_Problem to solve_: Among the entries below, count each line holding the word "Property". Write only the number.

_Data shown_:
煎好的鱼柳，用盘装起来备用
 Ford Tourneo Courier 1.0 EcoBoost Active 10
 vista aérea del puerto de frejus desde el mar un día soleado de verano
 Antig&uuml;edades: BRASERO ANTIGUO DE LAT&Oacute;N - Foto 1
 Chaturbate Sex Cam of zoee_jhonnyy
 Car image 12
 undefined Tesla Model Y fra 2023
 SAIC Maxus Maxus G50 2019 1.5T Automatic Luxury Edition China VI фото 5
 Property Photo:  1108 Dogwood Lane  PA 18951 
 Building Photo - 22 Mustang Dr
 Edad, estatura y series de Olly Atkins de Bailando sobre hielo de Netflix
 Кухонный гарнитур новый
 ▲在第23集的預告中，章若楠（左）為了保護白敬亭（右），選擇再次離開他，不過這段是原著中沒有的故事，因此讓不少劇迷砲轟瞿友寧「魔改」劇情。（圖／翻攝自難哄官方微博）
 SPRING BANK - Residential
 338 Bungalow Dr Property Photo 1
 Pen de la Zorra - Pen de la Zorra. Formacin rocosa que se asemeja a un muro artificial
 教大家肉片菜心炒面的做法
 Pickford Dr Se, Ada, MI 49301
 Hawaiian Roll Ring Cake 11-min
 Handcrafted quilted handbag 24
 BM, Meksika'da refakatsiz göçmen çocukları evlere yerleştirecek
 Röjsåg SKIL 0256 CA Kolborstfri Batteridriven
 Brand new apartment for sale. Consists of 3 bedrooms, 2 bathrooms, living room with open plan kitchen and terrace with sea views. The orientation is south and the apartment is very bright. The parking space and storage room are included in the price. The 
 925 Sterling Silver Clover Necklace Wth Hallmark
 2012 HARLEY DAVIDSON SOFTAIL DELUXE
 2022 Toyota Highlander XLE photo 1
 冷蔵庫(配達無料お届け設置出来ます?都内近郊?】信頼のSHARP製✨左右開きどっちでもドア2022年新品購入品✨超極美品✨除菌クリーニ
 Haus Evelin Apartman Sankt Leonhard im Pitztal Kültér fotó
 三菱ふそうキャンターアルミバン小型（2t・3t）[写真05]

_Response area_: 2